Nous sommes là pour les sportives et les sportifs. Quand un club a un problème, par exemple un président apprend qu’un de ses entraîneurs est en garde à vue parce qu’il aurait agressé sexuellement un gamin du club, on met en place une cellule de crise où les professionnels du comité rencontrent les parents, les victimes, les témoins. On répond aux questions, on apaise les angoisses, on explique ce qu’il va se passer. On propose des groupes de parole thérapeutique. Une fois que c’est aplanit, on accompagne le club pour transformer l’image du club et en faire un club modèle en matière de prévention des maltraitances et des discriminations.

J’imagine que vous avez peu de répit…

Oui, nous avons beaucoup de cas. Surtout que nous accompagnons toutes les maltraitances et les discriminations.

Au fil des années, de part le travail fourni, estimez-vous être d’utilité publique ?

Je ne sais pas. On n’essaie pas de dire qu’on est un maillon obligatoire dans la prise en charge des violences. Ce que l’on sait, c’est qu’on fait notre maximum en tant que professionnels pour les sportifs et les sportives. Nous sommes tous bénévoles, il n’y a donc que de la résilience et le mieux être des victimes qui comptent pour nous. Honnêtement, on ne se pose pas ce genre de question.

Vos actions peuvent être considérées comme telles. Pensez-vous quand même qu’il est nécessaire voire indispensable que des associations comme la vôtre réalisent ce travail ?

Oui, je pense qu’il est important d’être là en connaissant le monde du sport de l’intérieur pour accompagner l’être humain qui est lié à l’être sportif et performant. C’est obligatoire. Des sportifs sont ambassadeurs du Comité éthique et sport. On en parle régulièrement avec eux. On considère toujours le sportif uniquement comme une machine à performance. Médicalement, cela ne marche pas. La tête marche avec les jambes. On a très souvent des êtres humains qui n’aiment plus leur sport, qui sont dégoûtés. Nous avons récemment fait une enquête au sujet de la réalité de la dépression dans le sport sur 1250 athlètes. Les résultats ont été assez alarmants surtout chez les très jeunes. La conclusion est qu’il y a encore beaucoup de choses à faire pour l’accompagnement.

En ce sens, on parle dans les médias de la joueuse de tennis Naomi Osaka, de la gymnaste Simone Biles. Cette médiatisation peut-elle permettre d’arranger les choses ?

Pas arranger mais c’est un catalyseur obligatoire. Il faut absolument que certaines grandes figures du sport parlent de ce tabou de la dépression dans le sport. Ces gens sont connus comme étant des grands champions. Le fait qu’ils aient le grand courage de dévoiler leur partie humaine qui craque, qui est en méforme, permet de pouvoir vraiment accompagner et détecter les sportifs qui souffrent de dépression. Attention, la dépression est une maladie. Les gourous n’ont pas à s’occuper de dépression. C’est important parce que des tas de sportifs traînent avec des gourous qui ont la bonne parole et cela ne fait que les conforter et retarder la prise en charge.

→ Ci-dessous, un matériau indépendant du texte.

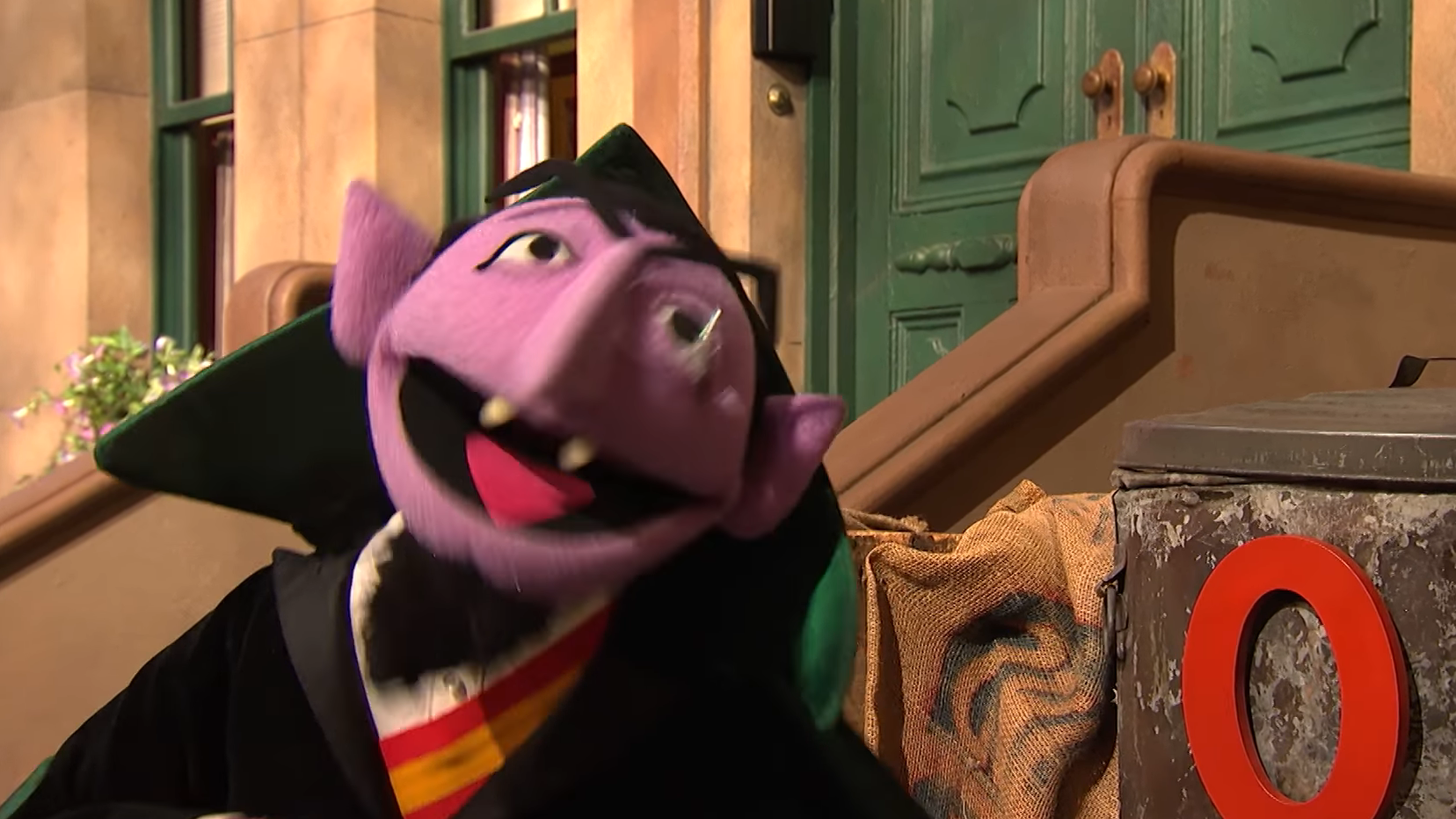 A puppet from a popular children's TV show with purple skin, a monocle, and a cape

Est-ce que, à l’avenir, votre victoire sera que le Comité n’existe plus, que vous ne receviez plus d’appels ?

Je ne pense pas que cela pourra arriver même dans un futur très lointain. Cela ne peut passer que par un changement profond dans la gouvernance du monde du sport. Un changement des mentalités, des personnes, des conceptions, des objectifs. C’est juste mon avis. Il y aura peut-être une petite progression mais je ne suis pas si sûre que ça.